We have to show that there exists a vector subspace $W$ of $T_pM$ with dimension $n-\lambda=3-2=1$ that represents vanishing of exactly $\lambda=2$ of the $x^i$'s such that at least of the following vector subspaces $\{x^1 = 0, x^2 = 0\}, \{x^2 = 0, x^3 = 0\}, \{x^3 = 0, x^1 = 0\}$ is $W$ and such that $d^2_p(-f)|_W = -d^2_pf|_W$ is negative definite.
We have to show that for any vector subspace $S$ of $T_pM$ with dimension $2$, $d^2_p(-f)|_S = -d^2_pf|_S$ is not negative definite.
We have that the vanishing of a coordinate $x^i$ corresponds not to all the elements of row $i$ and column $i$ of the matrices $A$ and $-A$ becoming zero but to those elements deleted. (For example, $\text{diag}(-2, -2, 0)$ is not negative definite, but $\text{diag}(-2, -2)$ is negative definite.)
We have that $d^2_pf$ is negative definite if and only if $A$ is negative definite (Just checking that we mean negative definite matrix and not negative definite function or something).
By (5), $A$ is $\text{diag}(-2, -2, 2)$, $\text{diag}(-2, 2, -2)$ or $\text{diag}(2, -2, -2)$. Let's say $A = \text{diag}(-2, -2, 2)$
By (9) and (15), $-A = \text{diag}(2,2,-2)$.
By (15), $V = \{x^3 = 0\}$ because $\text{diag}(-2, -2)$ is negative definite.
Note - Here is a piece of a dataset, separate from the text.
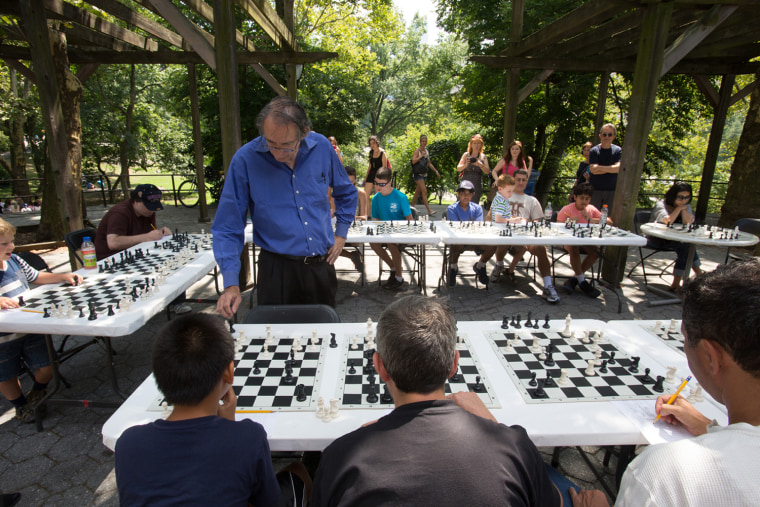 Chess and Checkers House in Central Park (located just beyond the Dairy from the Mall). The Chess and Checkers House offers boards and playing pieces for loan to anyone wishing to play the most pensive of games around. On certain summer Saturdays (this year it's 6/21, 7/12, and 8/23) the tables are set up to accommodate people looking to play a grand master instructor. He (or she) moves from player to player, watches each opponent make his/her move, makes a counter move, occasionally offers a comment, and moves on to the next player.  (Registration begins until 10 am, limited space, there's a half hour lecture, and then the games begin.)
Therefore: We show (11) by choosing $W = \{x^1 = 0, x^2 = 0\}$ because $\text{diag}(-2)$ is negative definite. We show (12) by showing that $\text{diag}(2,-2)$, $\text{diag}(2,-2)$ and $\text{diag}(2,2)$ are not negative definite. We show (10) by showing $-A$ in (16) is not negative definite.